In December 2010, the FASB issued amendments that modify Step 1 of the goodwill impairment test for reporting units with zero or negative carrying amounts. For those reporting units, an entity is required to perform Step 2 of the goodwill impairment test if it is more likely than not that a goodwill impairment exists. In determining whether it is more likely than not that goodwill impairment exists, an entity should consider whether there are any adverse qualitative factors indicating that impairment may exist. The qualitative factors are consistent with the existing guidance, which requires that goodwill of a reporting unit be tested for impairment between annual tests if an event occurs or circumstances change that would more likely than not reduce the fair value of a reporting unit below its carrying amount.

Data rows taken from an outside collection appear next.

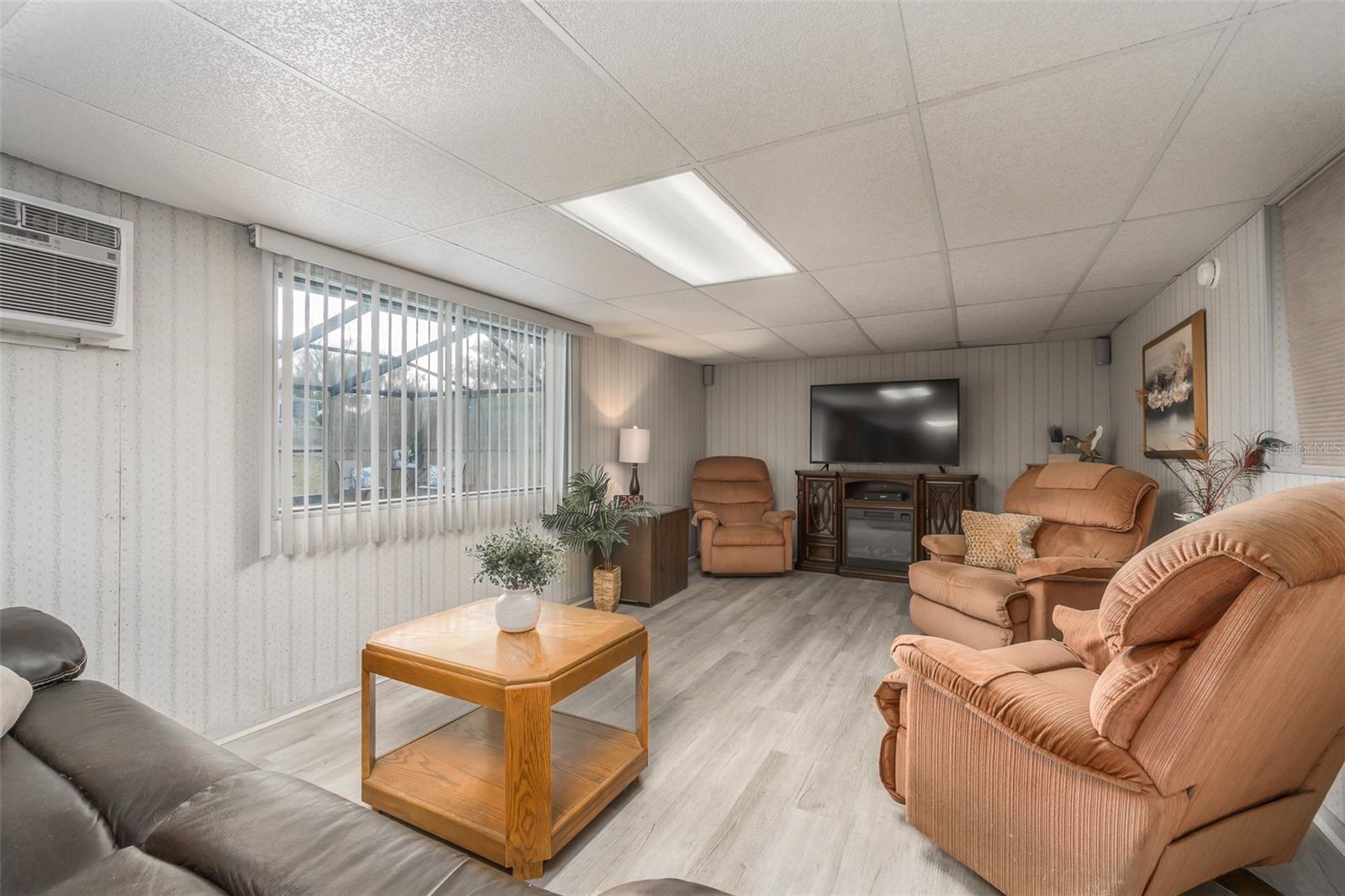 Image 22 of 30 For 37116 Price Drive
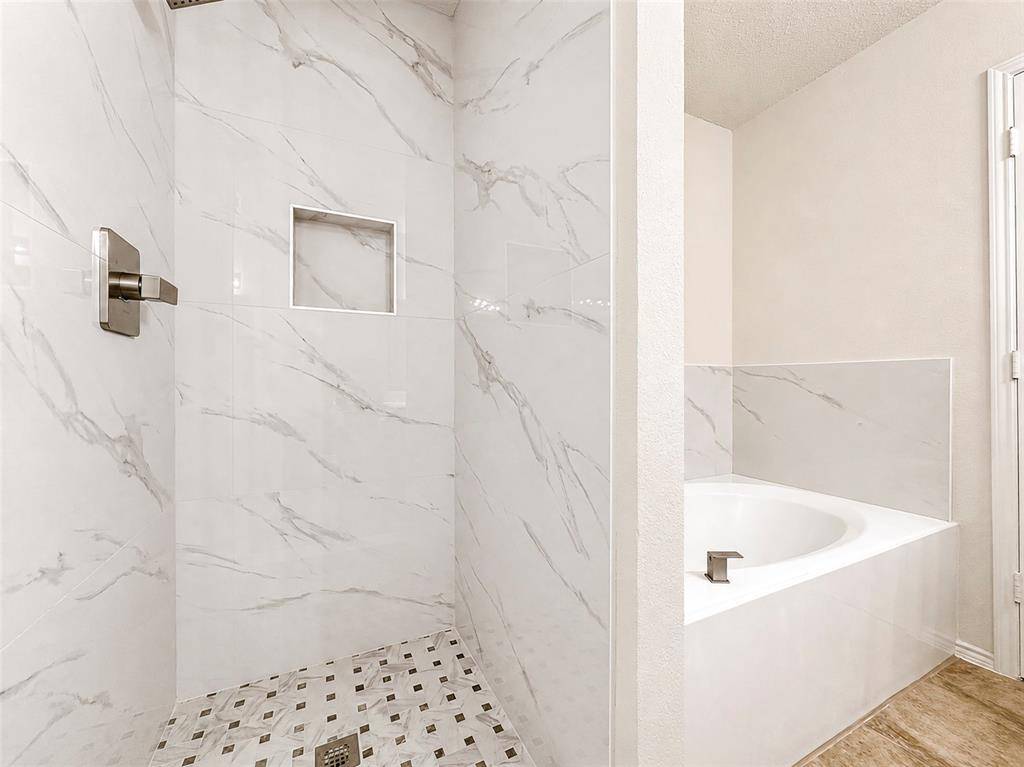 3312 Knoll Trail, Balch Springs, TX 75180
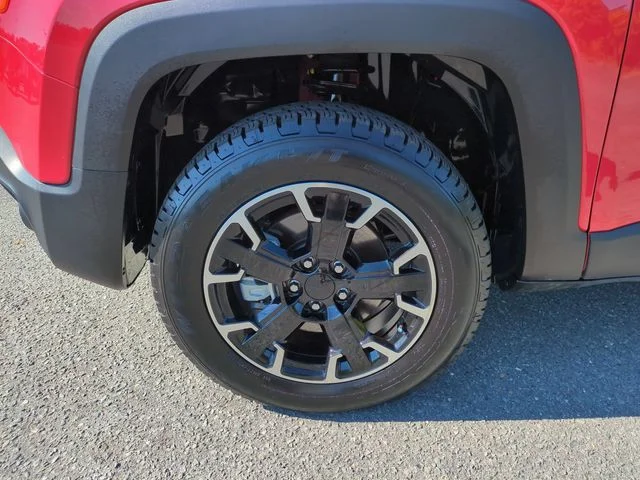 Used 2023 Red Jeep Trailhawk image 10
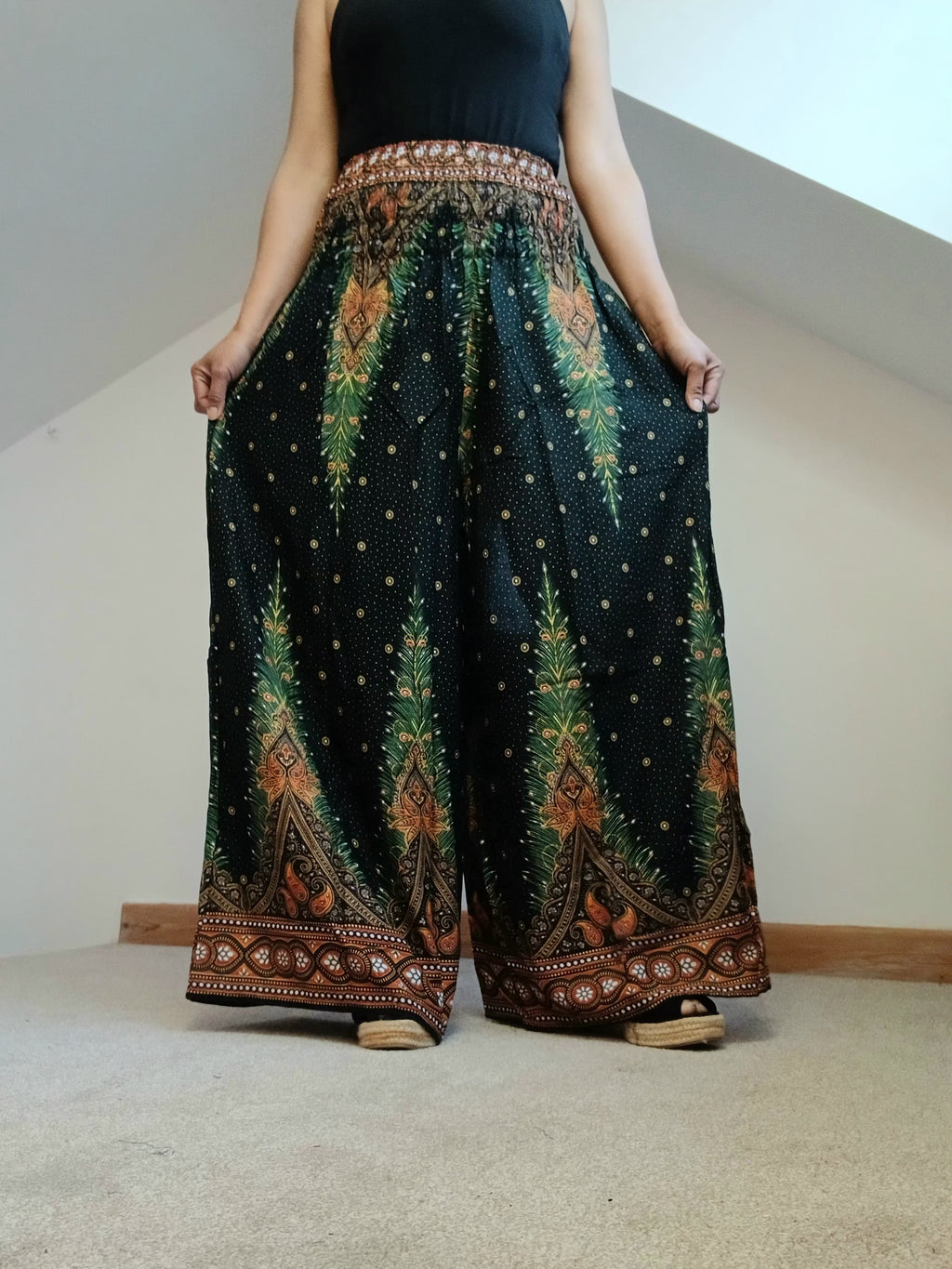 Darkgreen Boho High-Waisted trousers wide-leg elegant flowy harem pants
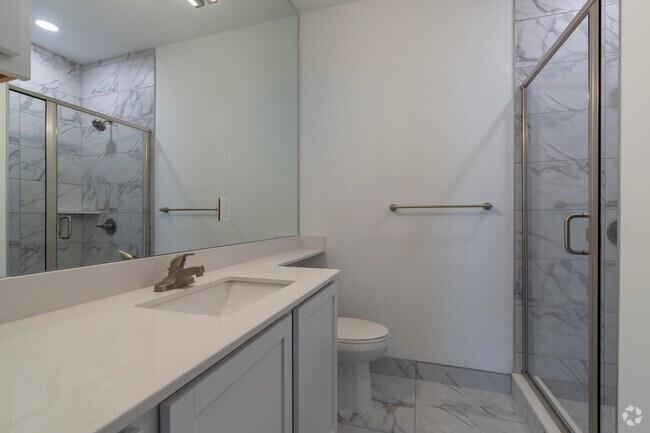 2BR, 2BA - 1,125SF - The Haven II - Bathroom 2 - Highland Knolls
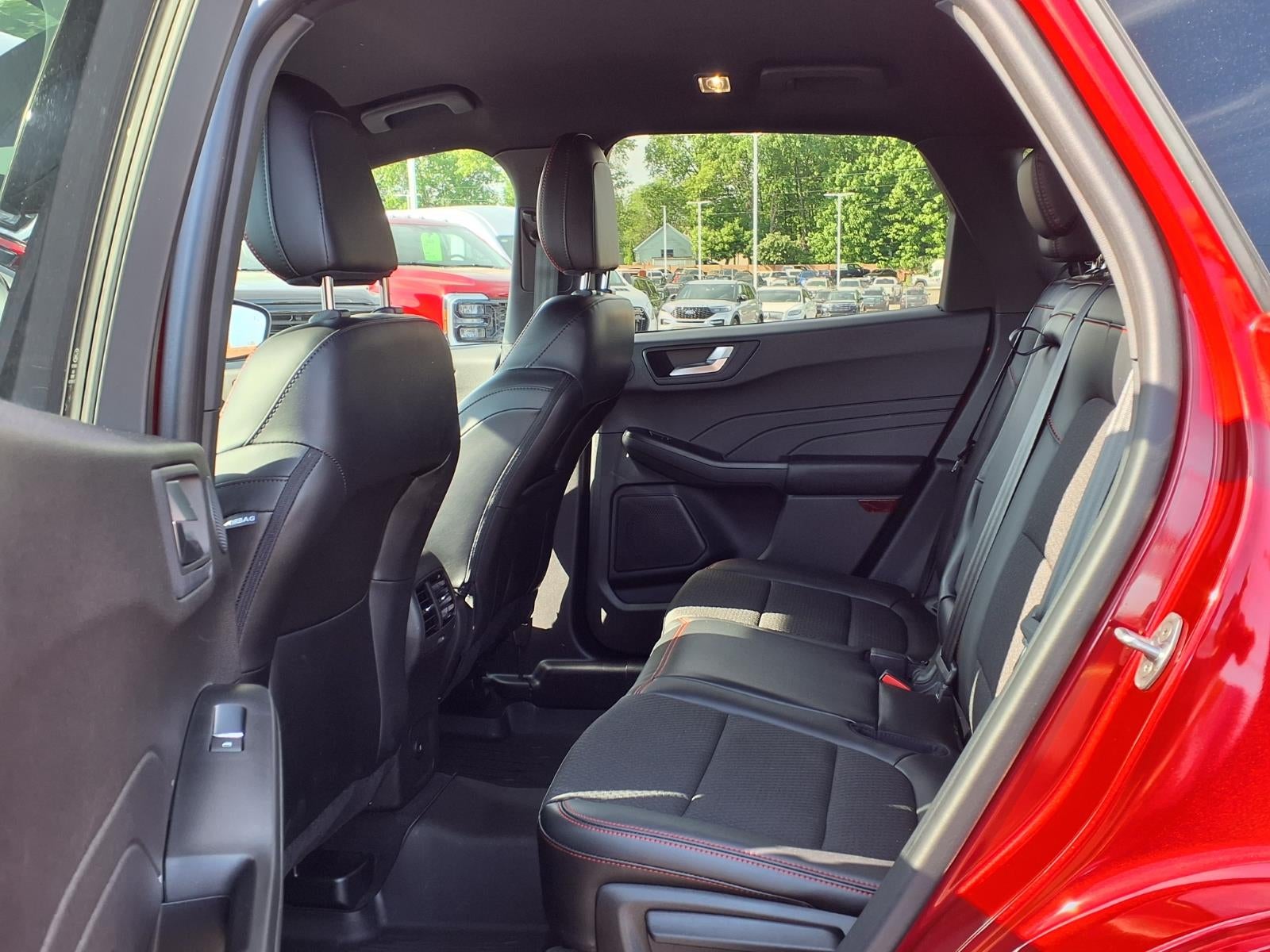 2023 Ford Escape ST-Line Select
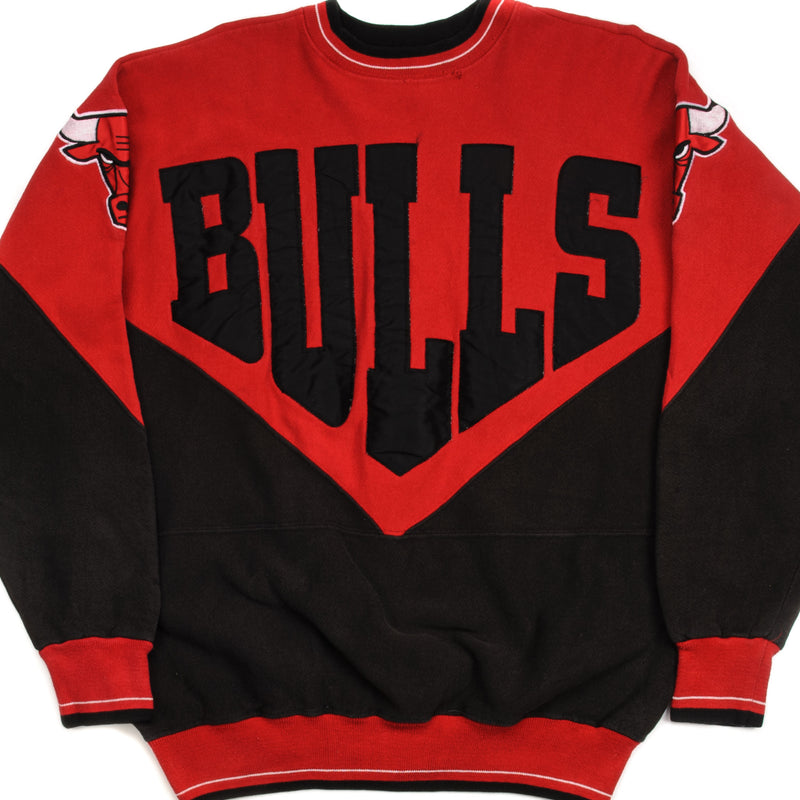 VINTAGE NBA CHICAGO BULLS SWEATSHIRT SIZE LARGE MADE IN USA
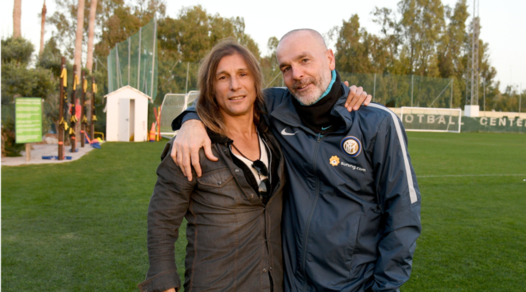 Claudio Caniggia visita l'Inter e sono subito sorrisi e buon umore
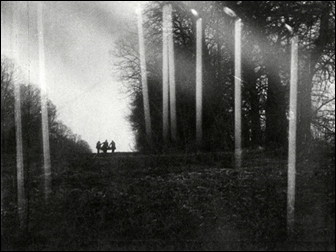 Árboles de Friedrich y enormes cirios presiden el desfile sepulcral de Madeline Usher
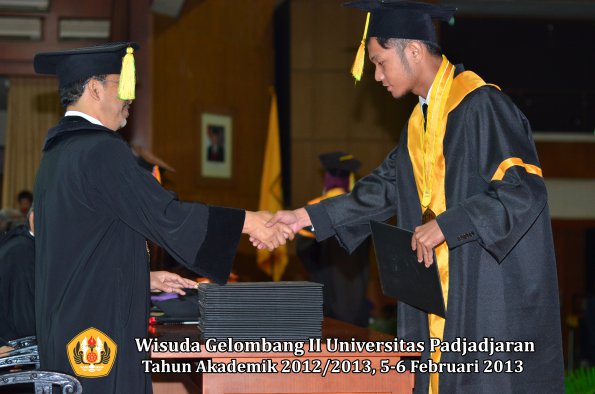 wisuda-unpad-gel-ii-ta-2012_2013-fakultas-ilmu-komunikasi-oleh-dekan-116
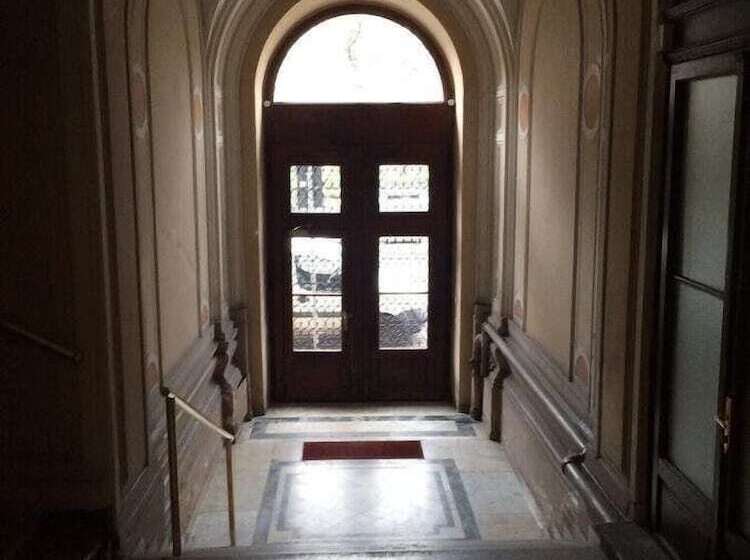 تختخواب و صبحانه House 5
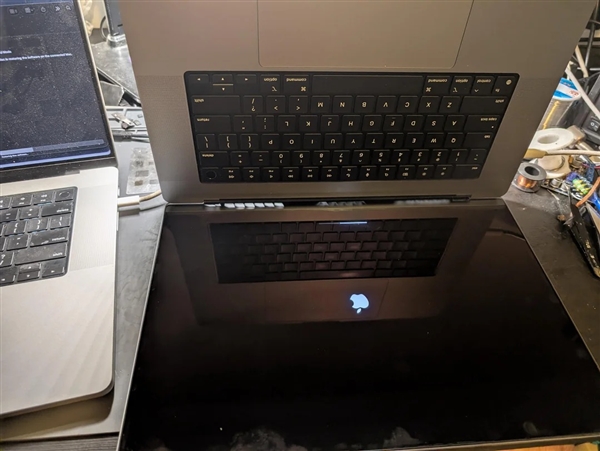 M1 Max主板烧穿一个洞!维修达人搬板修复:省下一台MacBook的钱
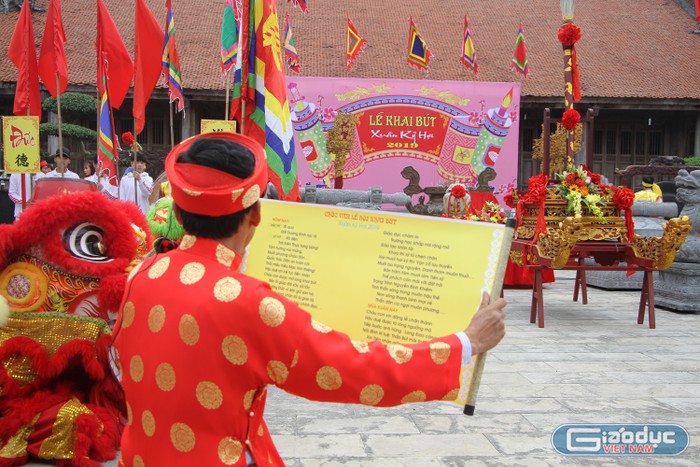 Ông Phạm Văn Tuyên, thành viên Ban tổ chức lễ hội tấu trình Chúc văn khai bút. (Ảnh: Lã Tiến)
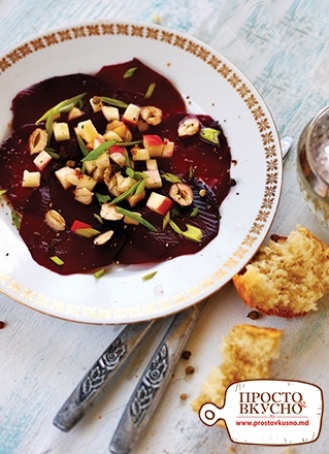 Рецепт приготовления постного салата из чернослива с грецким орехом и свеклой:
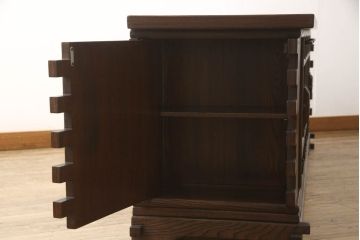 中古　超美品!!　大塚家具取り扱い　高級家具　総欅(ケヤキ)材　校倉造りデザインが重厚な雰囲気を醸し出すテレビ台(あぜくらづくり、ローボード、収納棚、戸棚、サイドボード、サイドキャビネット、リビングボード)(定価約60万円)(R-059892)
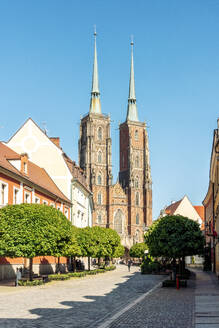 Poland, Lower Silesian Voivodeship, Wroclaw, Cobblestone street in front of Cathedral of St. John Baptist - TAMF04103
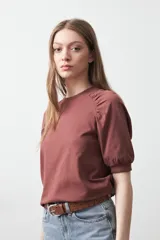 Remera blanca de manga corta confeccionada en algodón, con calce cómodo y mangas levemente abullonadas.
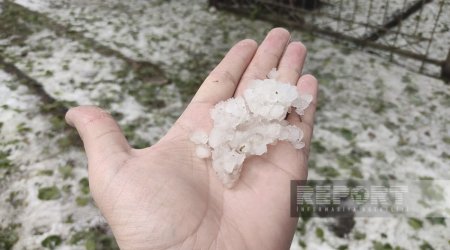 В Гахе выпал град, дождевая вода затопила дворы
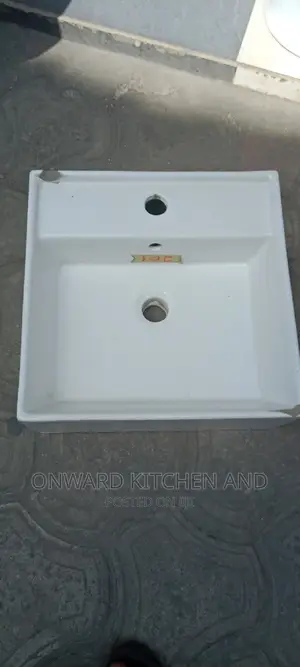 Cabinet Basin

These amendments are effective for fiscal years, and interim periods within those years, beginning after December 15, 2010. Early adoption is not permitted. The adoption of this guidance is not expected to have a significant impact on the Company's consolidated financial position, results of operations or cash flows.

A variety of proposed or otherwise potential accounting standards are currently under study by standard-setting organizations and various regulatory agencies. Because of the tentative and preliminary nature of these proposed standards, management has not determined whether implementation of such proposed standards would be material to our consolidated financial statements.

Reclassifications

Certain reclassifications have been made to the prior year consolidated financial statements to conform to the current year presentation.